Although it was bubbling up in many places, the new musk began to crystallize in New York, particularly at a couple of places in Harlem--Monroe's Uptown House and Minton's Playhouse. At the time Charlie Parker was playing with Jay McShann at the Savoy Ballroom in 1941, he was also playing again after hours at Clark Monroe's Uptown House.

CHARLIE PARKER At Monroe's I heard sessions with a pianist named Allen Tinney; I'd listen to trumpet men like Lips Page, Roy, Dizzy, and Charlie Shavers outblowing each other all night long. And Don Byas was there, playing everything there was to be played. I heard a trumpet man named Vic Coulson playing things I'd never heard. Vic had the regular band at Monroe's, with George Treadwell also on trumpet and a tenor man named Pritchett. That was the kind of music that caused me to quit McShann and stay in New York.

ALLEN TINNEY The first meeting with Bird? Well, he was playing with Jay McShann.

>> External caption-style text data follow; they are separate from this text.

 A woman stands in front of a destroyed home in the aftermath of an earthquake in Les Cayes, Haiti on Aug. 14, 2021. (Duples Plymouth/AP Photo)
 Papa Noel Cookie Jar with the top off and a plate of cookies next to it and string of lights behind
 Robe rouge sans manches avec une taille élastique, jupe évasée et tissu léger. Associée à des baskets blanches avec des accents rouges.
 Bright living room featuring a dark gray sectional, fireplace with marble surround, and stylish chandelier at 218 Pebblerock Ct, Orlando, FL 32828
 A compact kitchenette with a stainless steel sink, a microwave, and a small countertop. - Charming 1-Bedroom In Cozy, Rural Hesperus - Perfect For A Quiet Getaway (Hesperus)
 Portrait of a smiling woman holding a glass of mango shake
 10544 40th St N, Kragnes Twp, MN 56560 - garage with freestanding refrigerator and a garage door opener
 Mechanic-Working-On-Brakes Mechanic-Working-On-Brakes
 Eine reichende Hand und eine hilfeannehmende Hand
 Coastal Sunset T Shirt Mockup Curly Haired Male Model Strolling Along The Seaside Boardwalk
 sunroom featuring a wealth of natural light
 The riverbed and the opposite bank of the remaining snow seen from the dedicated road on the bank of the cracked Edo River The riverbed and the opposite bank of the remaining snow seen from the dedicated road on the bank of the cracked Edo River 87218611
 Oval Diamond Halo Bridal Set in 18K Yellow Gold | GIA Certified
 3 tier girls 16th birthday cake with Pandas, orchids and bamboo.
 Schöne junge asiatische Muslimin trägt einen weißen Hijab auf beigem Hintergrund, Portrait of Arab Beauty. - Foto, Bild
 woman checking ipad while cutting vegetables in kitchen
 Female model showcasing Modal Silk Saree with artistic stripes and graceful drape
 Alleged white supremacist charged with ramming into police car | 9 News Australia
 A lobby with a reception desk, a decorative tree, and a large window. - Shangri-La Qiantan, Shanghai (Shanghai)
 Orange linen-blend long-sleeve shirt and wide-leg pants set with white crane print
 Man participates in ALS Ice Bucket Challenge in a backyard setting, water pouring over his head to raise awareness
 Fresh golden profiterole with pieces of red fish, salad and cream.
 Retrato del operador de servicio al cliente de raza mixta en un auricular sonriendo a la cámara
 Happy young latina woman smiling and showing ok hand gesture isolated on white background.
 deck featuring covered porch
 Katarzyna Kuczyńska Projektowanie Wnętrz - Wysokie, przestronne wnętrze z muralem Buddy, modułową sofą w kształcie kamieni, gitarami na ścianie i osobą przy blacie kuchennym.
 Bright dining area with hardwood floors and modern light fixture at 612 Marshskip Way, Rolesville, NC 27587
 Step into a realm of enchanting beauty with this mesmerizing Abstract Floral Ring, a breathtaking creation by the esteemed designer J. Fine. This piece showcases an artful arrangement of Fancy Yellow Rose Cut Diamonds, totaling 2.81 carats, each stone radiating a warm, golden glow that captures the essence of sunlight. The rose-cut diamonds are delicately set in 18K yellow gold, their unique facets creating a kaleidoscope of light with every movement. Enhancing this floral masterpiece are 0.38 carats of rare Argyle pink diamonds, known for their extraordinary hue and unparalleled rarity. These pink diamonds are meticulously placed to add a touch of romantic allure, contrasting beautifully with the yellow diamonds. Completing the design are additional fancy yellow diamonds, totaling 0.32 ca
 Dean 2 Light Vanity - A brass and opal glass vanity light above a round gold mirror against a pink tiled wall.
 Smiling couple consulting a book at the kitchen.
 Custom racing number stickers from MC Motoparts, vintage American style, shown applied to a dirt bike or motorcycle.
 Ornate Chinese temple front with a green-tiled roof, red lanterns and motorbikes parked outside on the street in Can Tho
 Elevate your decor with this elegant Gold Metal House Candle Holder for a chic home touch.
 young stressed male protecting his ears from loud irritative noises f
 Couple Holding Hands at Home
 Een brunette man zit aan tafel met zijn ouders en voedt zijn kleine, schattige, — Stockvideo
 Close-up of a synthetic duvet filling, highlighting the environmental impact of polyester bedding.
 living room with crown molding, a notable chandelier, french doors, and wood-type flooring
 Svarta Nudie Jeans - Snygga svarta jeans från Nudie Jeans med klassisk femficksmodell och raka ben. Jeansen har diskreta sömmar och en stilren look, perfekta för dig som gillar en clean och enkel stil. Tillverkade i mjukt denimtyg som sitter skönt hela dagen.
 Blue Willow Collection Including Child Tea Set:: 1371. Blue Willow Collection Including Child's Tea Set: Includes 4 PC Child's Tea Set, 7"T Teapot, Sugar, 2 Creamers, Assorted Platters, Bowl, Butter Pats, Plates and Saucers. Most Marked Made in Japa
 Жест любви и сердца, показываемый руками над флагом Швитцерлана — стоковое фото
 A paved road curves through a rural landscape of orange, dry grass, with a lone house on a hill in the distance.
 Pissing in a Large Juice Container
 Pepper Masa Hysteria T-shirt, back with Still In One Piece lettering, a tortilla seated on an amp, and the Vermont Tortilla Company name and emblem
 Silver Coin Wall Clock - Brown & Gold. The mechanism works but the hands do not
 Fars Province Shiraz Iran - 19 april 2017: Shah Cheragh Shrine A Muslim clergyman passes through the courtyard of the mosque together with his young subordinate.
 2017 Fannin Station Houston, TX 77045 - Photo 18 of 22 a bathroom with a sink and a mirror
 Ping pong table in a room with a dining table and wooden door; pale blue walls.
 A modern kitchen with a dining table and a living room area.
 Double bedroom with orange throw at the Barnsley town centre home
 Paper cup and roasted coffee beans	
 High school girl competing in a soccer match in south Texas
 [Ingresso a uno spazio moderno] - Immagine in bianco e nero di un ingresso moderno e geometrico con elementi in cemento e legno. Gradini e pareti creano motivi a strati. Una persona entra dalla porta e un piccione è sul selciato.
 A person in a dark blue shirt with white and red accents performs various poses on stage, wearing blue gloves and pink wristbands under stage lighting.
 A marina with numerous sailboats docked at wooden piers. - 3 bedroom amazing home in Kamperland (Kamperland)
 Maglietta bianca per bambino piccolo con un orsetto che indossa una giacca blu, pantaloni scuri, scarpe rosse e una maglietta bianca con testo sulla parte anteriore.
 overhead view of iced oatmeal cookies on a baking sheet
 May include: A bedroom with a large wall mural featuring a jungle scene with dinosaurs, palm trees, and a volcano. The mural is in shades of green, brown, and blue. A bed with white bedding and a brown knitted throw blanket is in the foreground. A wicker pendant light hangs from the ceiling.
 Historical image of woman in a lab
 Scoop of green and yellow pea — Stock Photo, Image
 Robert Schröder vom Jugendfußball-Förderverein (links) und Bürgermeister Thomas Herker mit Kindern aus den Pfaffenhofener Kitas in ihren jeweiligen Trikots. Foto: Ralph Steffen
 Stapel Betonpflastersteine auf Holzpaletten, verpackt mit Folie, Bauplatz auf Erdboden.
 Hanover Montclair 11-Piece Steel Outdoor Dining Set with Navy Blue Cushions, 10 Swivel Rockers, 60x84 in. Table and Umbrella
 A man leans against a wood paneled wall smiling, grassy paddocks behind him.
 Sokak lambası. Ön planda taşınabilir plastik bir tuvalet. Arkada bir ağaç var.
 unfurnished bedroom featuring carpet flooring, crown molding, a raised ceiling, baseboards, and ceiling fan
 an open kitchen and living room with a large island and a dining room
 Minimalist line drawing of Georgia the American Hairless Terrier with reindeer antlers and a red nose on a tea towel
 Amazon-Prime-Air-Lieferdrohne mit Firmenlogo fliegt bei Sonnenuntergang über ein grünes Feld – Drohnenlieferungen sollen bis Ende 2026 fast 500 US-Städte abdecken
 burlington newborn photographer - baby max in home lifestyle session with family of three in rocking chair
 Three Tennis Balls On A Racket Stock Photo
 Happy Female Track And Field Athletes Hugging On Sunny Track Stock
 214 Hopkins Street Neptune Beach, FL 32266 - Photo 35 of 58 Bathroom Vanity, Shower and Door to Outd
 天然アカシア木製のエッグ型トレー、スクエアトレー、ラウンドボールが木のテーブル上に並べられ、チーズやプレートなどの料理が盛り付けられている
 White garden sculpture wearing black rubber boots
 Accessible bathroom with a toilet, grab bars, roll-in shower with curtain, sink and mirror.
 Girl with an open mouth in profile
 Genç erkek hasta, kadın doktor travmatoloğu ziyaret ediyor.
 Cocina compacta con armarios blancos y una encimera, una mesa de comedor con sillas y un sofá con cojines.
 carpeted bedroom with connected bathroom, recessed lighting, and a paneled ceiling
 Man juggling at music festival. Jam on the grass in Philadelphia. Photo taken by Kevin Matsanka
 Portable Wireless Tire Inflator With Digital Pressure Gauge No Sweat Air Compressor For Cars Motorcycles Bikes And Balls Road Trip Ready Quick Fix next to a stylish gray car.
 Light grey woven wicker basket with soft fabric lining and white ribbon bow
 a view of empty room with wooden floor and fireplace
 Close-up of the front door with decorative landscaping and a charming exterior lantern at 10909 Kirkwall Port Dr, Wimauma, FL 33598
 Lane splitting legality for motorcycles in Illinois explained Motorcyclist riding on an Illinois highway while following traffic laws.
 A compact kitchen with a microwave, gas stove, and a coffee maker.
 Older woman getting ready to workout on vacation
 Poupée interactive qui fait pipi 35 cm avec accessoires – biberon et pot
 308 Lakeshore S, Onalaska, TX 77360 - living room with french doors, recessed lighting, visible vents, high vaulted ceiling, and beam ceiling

He came down, and he sat in with us. And he dug what we were doing. He said, "Man"--we didn't know we were going to be saying "Man" about him!--"Man, what are you guys playing?" So he sat in, and we played "Cherokee" and things like that, and we had already developed a "Tea for Two" thing in the middle--the 2-5-1 thing--and he dug this, and right away he started in fitting into what we were doing. And before you knew it, when I came out of the Army he was famous, just like that. He could really get over his instrument, I knew that. And he had a lot of feeling when he was awake. He slept a lot, real heavily. And a guy named Earl Bostic used to come in and watch him. You know it's like gunslingers, and one night they hooked up. I don't really know who won because it was too tremendous, but Bostic had been scouting him, and they really hooked up, and it was tremendous.